New Wedding Magazine Celebrates Diversity
An excerpt from the first issue of ‘Catalyst,’ a new wedding magazine that celebrates diversity. (Photo: Catalyst)
Who dares mess with the $40 billion wedding industrial complex? It tells you that you need to drop a few dress sizes before your Big Day. It tells you that you need a bridal shower and bachelorette party and that your dress(es) should complement the flowers. It tells women that it’s the most important day of their life, and it leaves men out of the conversation.
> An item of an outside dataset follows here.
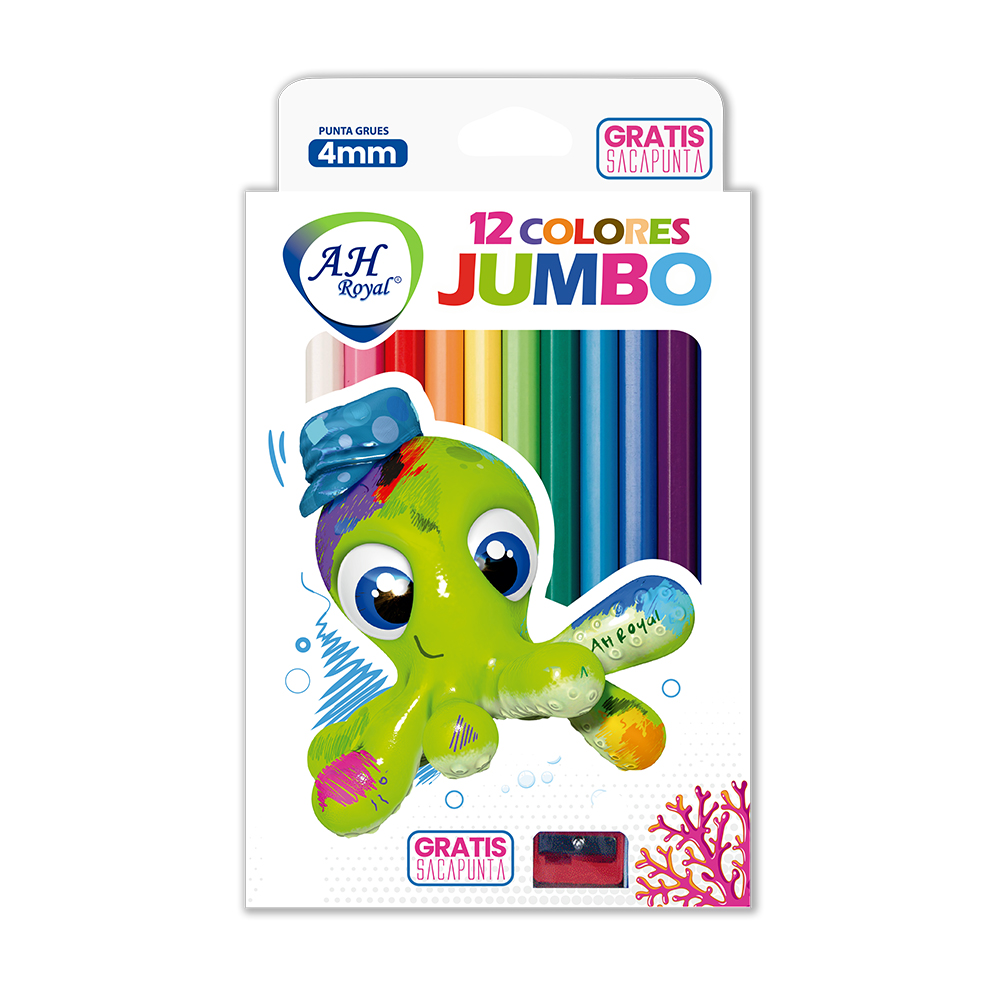COLOR AH ROYAL JUMBO  X 12  CAJA X 120 UNDS [PAC2502]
Bridal magazines and wedding coverage in mainstream media is overpopulated with photos of white, thin, heterosexual brides in expensive white dresses, which is exclusive and alienating.
An excerpt from the first issue of ‘Catalyst,’ a new wedding magazine that celebrates diversity. (Photo: Catalyst)
Having worked in the industry, 27-year-old wedding coordinator Liz Susong and 29-year-old wedding photographer Carly Romeo—both armed with women’s and gender studies degrees—want to change the commercialized, heteronormative idea of weddings. They seek to bring the purpose of weddings back to being celebrations of love and community with the launch of a new feminist wedding—not bridal—magazine called Catalyst. According to their Kickstarter, the first issue will debut in April and include “achievable DIY tutorials,” “love stories of couples who care more about having a fabulous partnership than having a fabulous wedding,” “unique women-owned businesses that can enhance a couple’s wedding experience without overtaking it,” all while “exploring the constant redefinition of traditions.”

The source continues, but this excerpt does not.